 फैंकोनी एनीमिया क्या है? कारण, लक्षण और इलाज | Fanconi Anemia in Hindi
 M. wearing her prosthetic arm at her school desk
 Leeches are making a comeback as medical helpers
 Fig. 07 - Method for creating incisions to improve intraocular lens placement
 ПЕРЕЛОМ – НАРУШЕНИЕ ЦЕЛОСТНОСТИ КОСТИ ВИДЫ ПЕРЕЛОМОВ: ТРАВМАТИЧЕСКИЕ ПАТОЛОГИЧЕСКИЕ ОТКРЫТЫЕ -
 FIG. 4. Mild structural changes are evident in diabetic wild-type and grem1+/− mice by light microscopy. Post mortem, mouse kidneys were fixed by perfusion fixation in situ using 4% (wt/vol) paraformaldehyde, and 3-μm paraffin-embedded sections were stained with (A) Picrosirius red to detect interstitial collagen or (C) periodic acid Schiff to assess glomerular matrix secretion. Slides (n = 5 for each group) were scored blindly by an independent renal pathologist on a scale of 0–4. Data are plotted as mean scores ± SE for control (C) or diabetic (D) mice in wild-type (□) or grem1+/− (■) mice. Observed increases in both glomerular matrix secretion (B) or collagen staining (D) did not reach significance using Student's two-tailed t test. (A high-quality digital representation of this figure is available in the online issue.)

· · ·

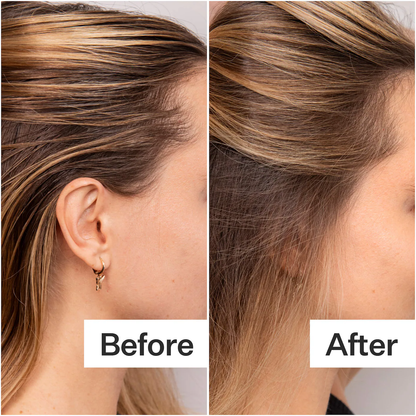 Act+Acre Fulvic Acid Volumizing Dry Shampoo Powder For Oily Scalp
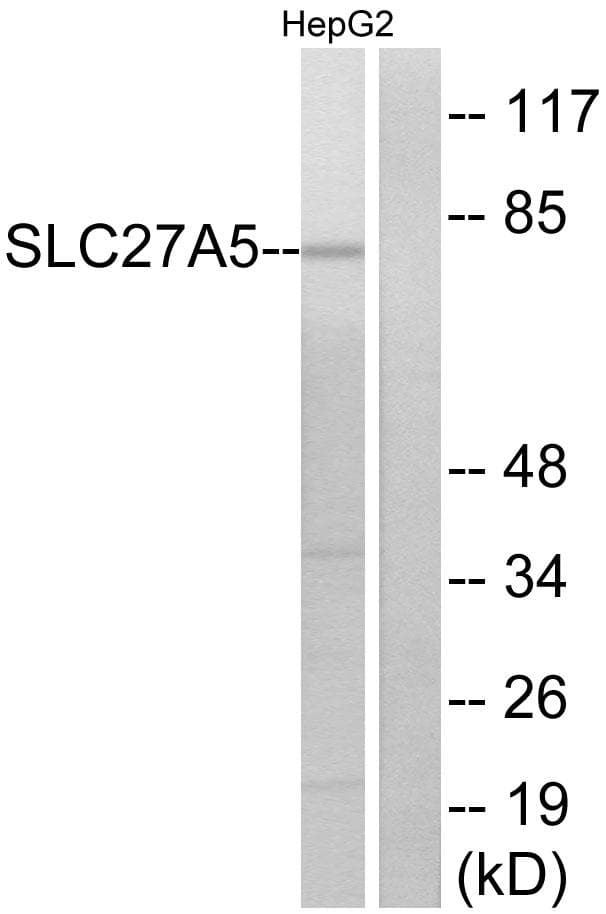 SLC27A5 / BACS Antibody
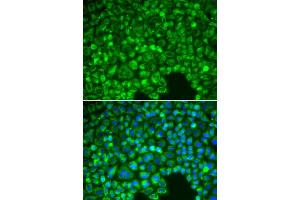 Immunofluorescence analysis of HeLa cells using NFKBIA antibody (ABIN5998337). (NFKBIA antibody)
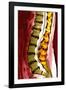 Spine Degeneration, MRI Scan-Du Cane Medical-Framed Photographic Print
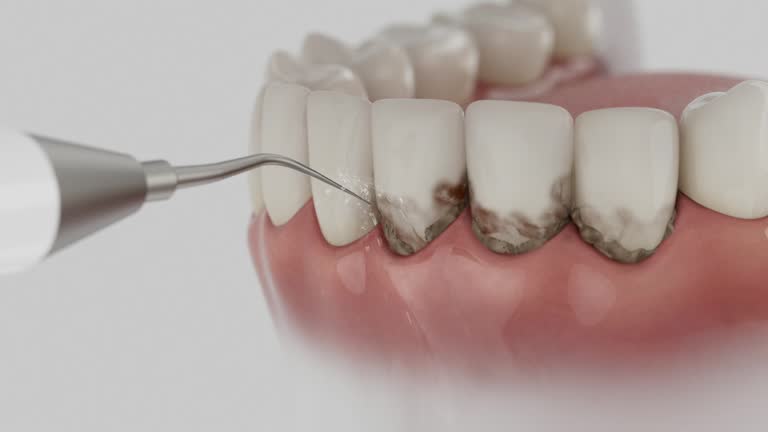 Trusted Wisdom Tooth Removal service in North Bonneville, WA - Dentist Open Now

· · ·

= What the task asks =
Treat the line with "Immunofluorescence analysis of" as the start and the line with "Trusted Wisdom Tooth" as the end, and return exactly that span of the data above, both ends included, without pictures.

= Reply =
 Immunofluorescence analysis of HeLa cells using NFKBIA antibody (ABIN5998337). (NFKBIA antibody)
 Spine Degeneration, MRI Scan-Du Cane Medical-Framed Photographic Print
 Trusted Wisdom Tooth Removal service in North Bonneville, WA - Dentist Open Now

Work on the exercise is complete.